Everything I know about VARS, I learned at the St Louis Fed-1

December 06, 2004

Kevin D. Hoover and Oscar Jordá, "Measuring Systematic Monetary Policy" (PDF)
Federal Reserve Bank of St Louis, 2001 There are a few indispensable features of modern economics, such as sticky prices, rational/quasi-rational expectations,^1.1 intertemporal utility maximization, and lots of cheap computing power. One of the more important innovations was Vector Autoregression (VARs). a computer program developed by Christopher Sims in which many measurements of the economy (viz., money supply, GDP, employment,...) are regressed on themselves in order to identify what constitutes an exogenous "shock." This would allow economists to test to see how "effective " monetary policy was.

Sims’s alternative program eschewed identification and worked instead with unrestricted reduced-form equations—VARs. Every variable in the VAR is regarded as endogenous. Each variable in the vector of endogenous variables is regressed on lagged values of itself and of all of the other variables. The VAR decomposes the observed variation in the economy into random errors and systematic responses. Since the variables are all endogenous, the action in the economy is attributed to the random-error terms. But Sims realized that these errors were not themselves exogenous as they were likely to be correlated with one another. Several simple algebraic transformations of the VAR could provide decompositions in which the errors were no longer intercorrelated by construction. Then policy analysis could concentrate on the transformed error terms. These are the exogenous “shocks.” In the transformed system, one could easily trace out the endogenous responses to the exogenous shocks in impulse-response functions or quantify their influence in variance decompositions.
[All quotes are taken from Hoover & Jordá, 2001; p.3-4—JRM]
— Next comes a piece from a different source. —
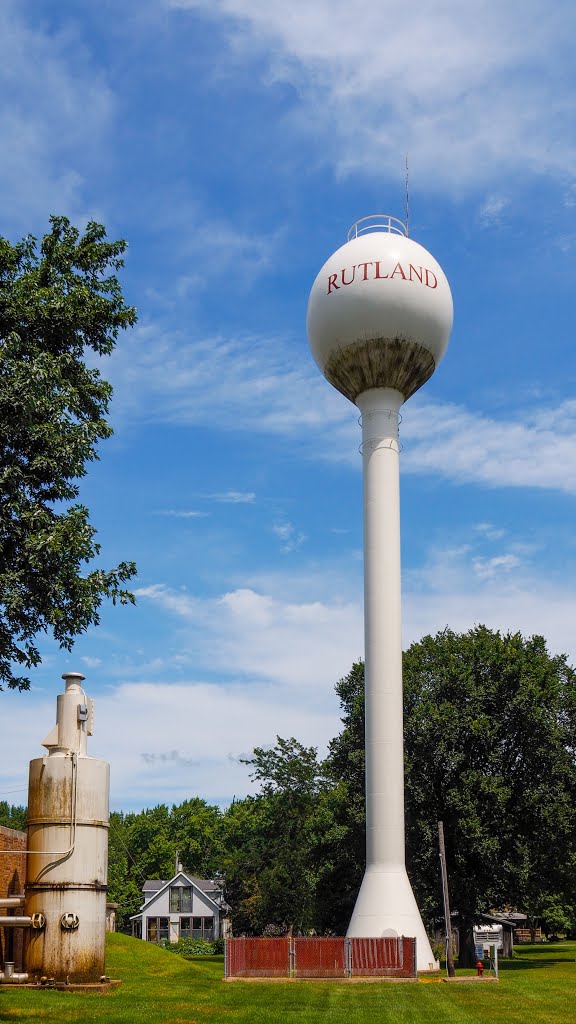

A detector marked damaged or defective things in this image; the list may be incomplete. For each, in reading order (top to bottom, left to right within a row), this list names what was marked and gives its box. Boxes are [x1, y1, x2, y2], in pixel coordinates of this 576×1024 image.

rust stain on tank [325, 335, 432, 399]
rusty metal tank [24, 671, 108, 983]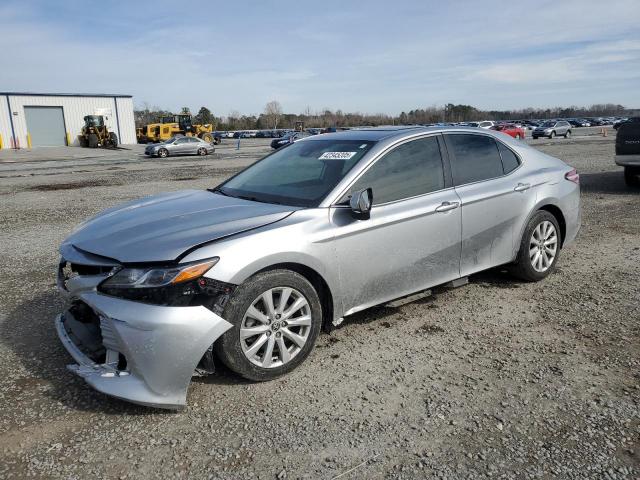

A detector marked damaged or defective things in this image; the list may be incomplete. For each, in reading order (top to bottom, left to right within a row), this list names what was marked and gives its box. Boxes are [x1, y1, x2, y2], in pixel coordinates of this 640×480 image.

In plain English, VARs was intended as a computational tool to determine what was a shock to the economic system, which would in turn stimulate an adjustment in the rate of accumulation driving economic growth, and what was actually a development predicted by the monetary authorities (and presumably knowable to the money markets—included business managers, who select pricing and output strategy). Since that time, VARs has been used to test Rational Expectations itself—as in Hoover & Jordá, cited above—and has come under some analytical scrutiny as well—as in Evans & Kuttner (below).

The main concern of analysts is whether or not VARs produces useful results based on the data input. If these results are useful, what do they mean? What do they prove? The object of an autoregression is to establish a statistically stable estimate of the future by regressing all the dependent variables on themselves; vector autoregression means that if some

z_t = f(x_t-1, y_t-1),such thatf(x_t-1, y_t-1) = β₀ + β₁x_t-1 + β₂x_t-2 + β₃y_t-1 + β₄y_t-2 + e_t then we regress the series z_i on all x_j, x_k, y_j, and y_k to find an estimate of β₀, β₁, β₂, β₃, and β₄; since e_t is some deviation from our prediction, we need for it to be as small as possible—something that is usually achieved by carefully introducing more explanatory variables. Also, just as we predicted z_t based on x_t-1 and y_t-1, we need to regress y_t on z_t-1 and x_t-1, so that we know the relationship of each variable to the lags of each.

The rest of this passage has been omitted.